Drawing on his personal experience as a Black gay man, and rooted in his long exploration of found materials and world languages, Harper’s work is sensitive to what he experiences as the ruinous path of the world in material consumption and environmental devastation. In sculptural as well as two-dimensional works, he innovates in the scrambling of language: the scripts and organic patterns look ancient but are very new, timeless in their recurrence through human history, as they are derived from nature.

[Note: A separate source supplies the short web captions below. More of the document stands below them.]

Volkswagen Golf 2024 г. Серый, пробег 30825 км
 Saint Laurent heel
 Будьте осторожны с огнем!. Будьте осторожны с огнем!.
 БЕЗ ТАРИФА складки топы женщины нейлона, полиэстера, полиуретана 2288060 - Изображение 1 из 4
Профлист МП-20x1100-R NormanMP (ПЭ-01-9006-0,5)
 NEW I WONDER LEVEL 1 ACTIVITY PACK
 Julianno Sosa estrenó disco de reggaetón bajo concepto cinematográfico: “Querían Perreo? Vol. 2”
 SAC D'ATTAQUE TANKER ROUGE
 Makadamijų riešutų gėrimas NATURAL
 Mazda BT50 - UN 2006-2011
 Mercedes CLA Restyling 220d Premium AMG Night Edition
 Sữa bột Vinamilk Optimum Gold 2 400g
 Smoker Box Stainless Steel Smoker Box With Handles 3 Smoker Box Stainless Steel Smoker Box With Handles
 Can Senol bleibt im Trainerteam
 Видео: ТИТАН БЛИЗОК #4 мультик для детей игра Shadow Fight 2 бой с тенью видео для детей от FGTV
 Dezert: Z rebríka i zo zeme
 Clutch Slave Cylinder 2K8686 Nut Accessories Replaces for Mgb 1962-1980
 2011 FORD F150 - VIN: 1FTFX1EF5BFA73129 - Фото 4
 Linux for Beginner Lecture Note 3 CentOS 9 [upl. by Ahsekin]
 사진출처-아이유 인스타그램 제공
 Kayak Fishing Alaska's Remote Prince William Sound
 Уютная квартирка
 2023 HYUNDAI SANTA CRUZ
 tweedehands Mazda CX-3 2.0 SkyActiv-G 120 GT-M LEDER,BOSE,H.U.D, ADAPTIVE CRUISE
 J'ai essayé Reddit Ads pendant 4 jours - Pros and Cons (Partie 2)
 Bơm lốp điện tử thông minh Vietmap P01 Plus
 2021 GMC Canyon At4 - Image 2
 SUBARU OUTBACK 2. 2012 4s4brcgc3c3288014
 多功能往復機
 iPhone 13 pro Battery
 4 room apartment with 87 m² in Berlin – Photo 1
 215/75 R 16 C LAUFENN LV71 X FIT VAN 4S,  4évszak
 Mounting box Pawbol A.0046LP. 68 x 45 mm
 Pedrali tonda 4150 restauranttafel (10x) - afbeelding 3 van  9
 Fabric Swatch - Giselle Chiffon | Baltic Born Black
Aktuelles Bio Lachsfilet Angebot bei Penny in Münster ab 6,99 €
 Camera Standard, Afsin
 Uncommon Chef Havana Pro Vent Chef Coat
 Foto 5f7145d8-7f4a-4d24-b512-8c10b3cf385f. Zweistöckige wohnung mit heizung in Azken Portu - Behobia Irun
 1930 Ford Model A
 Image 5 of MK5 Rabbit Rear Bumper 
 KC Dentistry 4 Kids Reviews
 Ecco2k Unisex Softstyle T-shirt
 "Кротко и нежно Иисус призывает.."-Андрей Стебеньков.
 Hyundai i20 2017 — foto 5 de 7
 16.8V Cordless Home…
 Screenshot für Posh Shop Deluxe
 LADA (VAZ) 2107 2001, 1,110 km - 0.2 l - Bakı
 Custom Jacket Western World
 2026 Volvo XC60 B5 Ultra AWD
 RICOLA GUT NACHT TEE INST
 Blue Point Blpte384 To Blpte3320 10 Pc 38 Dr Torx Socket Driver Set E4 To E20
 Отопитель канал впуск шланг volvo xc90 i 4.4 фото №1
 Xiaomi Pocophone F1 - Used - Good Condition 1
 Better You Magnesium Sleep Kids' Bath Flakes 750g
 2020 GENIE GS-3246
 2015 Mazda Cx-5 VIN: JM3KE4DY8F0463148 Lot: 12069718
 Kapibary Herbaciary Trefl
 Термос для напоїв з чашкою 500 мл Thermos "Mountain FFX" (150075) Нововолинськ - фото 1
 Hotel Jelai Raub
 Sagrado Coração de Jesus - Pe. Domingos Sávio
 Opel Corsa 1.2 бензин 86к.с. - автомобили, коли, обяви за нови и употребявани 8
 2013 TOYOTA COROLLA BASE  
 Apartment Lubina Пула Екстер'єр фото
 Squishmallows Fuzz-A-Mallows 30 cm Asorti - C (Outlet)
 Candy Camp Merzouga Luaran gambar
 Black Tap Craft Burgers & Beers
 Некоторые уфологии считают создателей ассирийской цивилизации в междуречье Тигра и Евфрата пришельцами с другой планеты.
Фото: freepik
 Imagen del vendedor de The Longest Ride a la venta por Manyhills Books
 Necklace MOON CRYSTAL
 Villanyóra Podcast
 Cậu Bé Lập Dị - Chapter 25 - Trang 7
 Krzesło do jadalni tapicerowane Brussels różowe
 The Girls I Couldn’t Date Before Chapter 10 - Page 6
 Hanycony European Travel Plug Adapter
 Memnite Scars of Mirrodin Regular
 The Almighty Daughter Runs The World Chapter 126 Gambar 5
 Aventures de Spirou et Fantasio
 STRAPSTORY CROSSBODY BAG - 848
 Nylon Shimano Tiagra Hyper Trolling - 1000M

To the artist, the relation between art and life is growth —
“When you observe life and live life, the better your art becomes, one uplifting the other.”
— Cedric Harper
PUBLIC PROGRAMS
Public Reception & Curatorial Walkthrough
Thursday, March 16, 2023 | 6–9pm
During the public reception for Cedric Harper: ANCESTRAL LANGUAGE, visitors will also be able to visit Project Room No. 4: Chick Byrne the fourth of the new Mills Gallery Project Room Exhibition Series.
We hope you’ll take the opportunity to see new work from our Studio Residency Artists as well, the BCA Artist Studios Building will be open from 5:30–8pm. Explore the four floors next door and visit some BCA studio residents in their studios. And since there has been some buzz about BCA’s newest space for movement artists, we also invite you to come see Studio 414 and chat with Andrea Blesso, Director of Dance & Interdisciplinary Arts at BCA!
CREATING FROM THE UNWANTED: Artists in Conversation About Working with Discarded Materials
Thursday, March 30, 2023 | 6–7:30pm
Cedric Harper and four artist friends, all members of the i3C (inspiring Change for the Climate Crisis) Artists group (i3Cartists.com), explore their artistic use of materials that have been thrown away. Hear from this group of painters, sculptors, and textile artists in conversation about their paths, motivations, and processes in making artwork from discarded, unwanted materials. Please RSVP.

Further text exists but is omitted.